ハイゴー・ファントン:台湾では1990年代頃までは絵本があまり流通しておらず、私は20歳を過ぎてからやっとこの世界に絵本があるということを知りました。

 大人にも絵本を楽しむことができると思います。「絵本なんて簡単なことが書いてあるだけでしょう」と思う人もいるかもしれません。でも、この絵本のように、大人でも理解できないことがたくさん書いてあります。

リン・シャオペイ:まずはもちろん、この絵本の物語を楽しんでほしいという気持ちがありますが、同時に親になった大人たちもちゃんと自分らしくあってほしいなと思うんです。ママはかけっこではいつもカエルくんを追い抜いて一番になります。そこが私たち二人が気に入っているところで、人は親になったとしても、自分らしくいていいんだと思います。

――大人も読者として想定しながら制作していますか。

大人のほうが子どもよりもすべてわかっているわけではないと話すハイゴー・ファントン氏。

ハイゴー・ファントン:特に小さい幼児向けの絵本は、その対象向けに作りますが、それ以外の絵本であれば、対象は限定せずに、大人か子どもかは関係なくみんなに向けて作っています。

 もちろん、子どもは大人と比べると知識は少ないし、難しいことは理解できないかもしれません。
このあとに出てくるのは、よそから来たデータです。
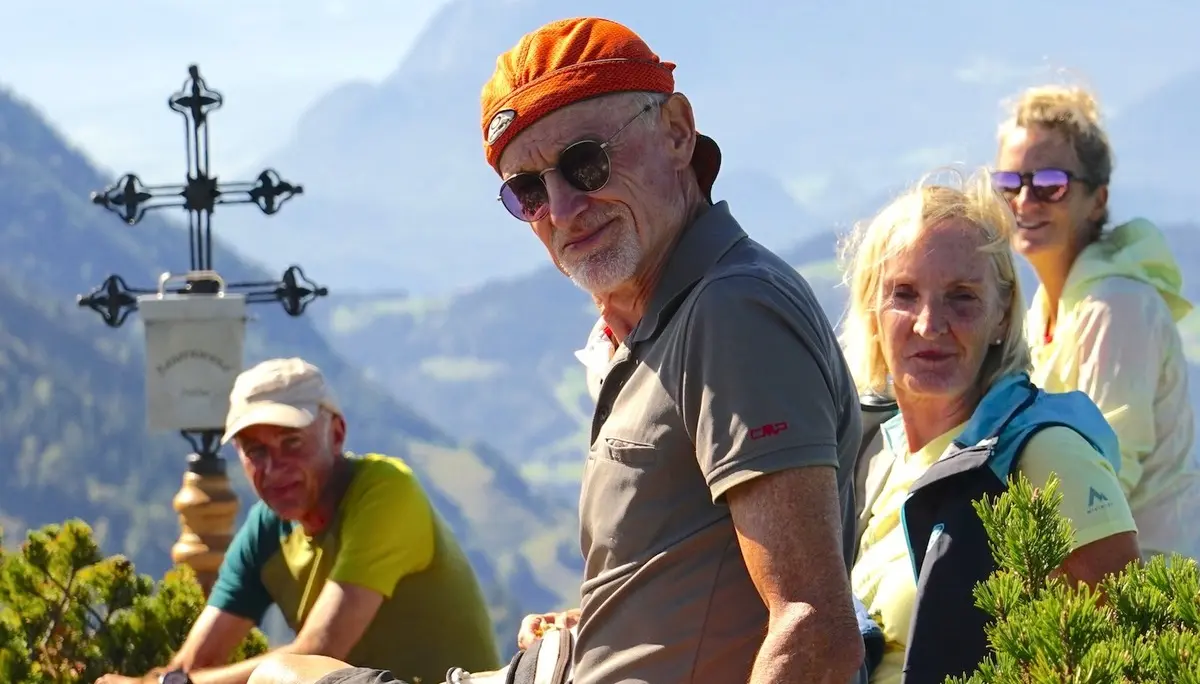 © DAV Sektion Rosenheim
でも、この物語の中では、パパよりも先にカエルくんが「ママはおそらのくもみたい」だと気づくんですね。パパはそれを教えられて前を向くことができた。だから、大人のほうが子どもよりも何もかもわかっているということはないんです。

リン・シャオペイ:子どもも大人も、それぞれ感じるものがあるはず、と思って描いています。カエルくんを描くにあたっては、子どもは何を考えているのかなと考えました。でもパパを描く時には、大人はこういう時に何を考えるかなと想像しました。

 カエルくんについては、子どもがお母さんを思う気持ちはどんなものだろうと考えながら描いていました。今の時代はスマートフォンなどで身近な人の写真や動画を記録することができるかもしれません。そういうものを見ながら、この料理はお母さんが好きだったな、などと振り返ることもできます。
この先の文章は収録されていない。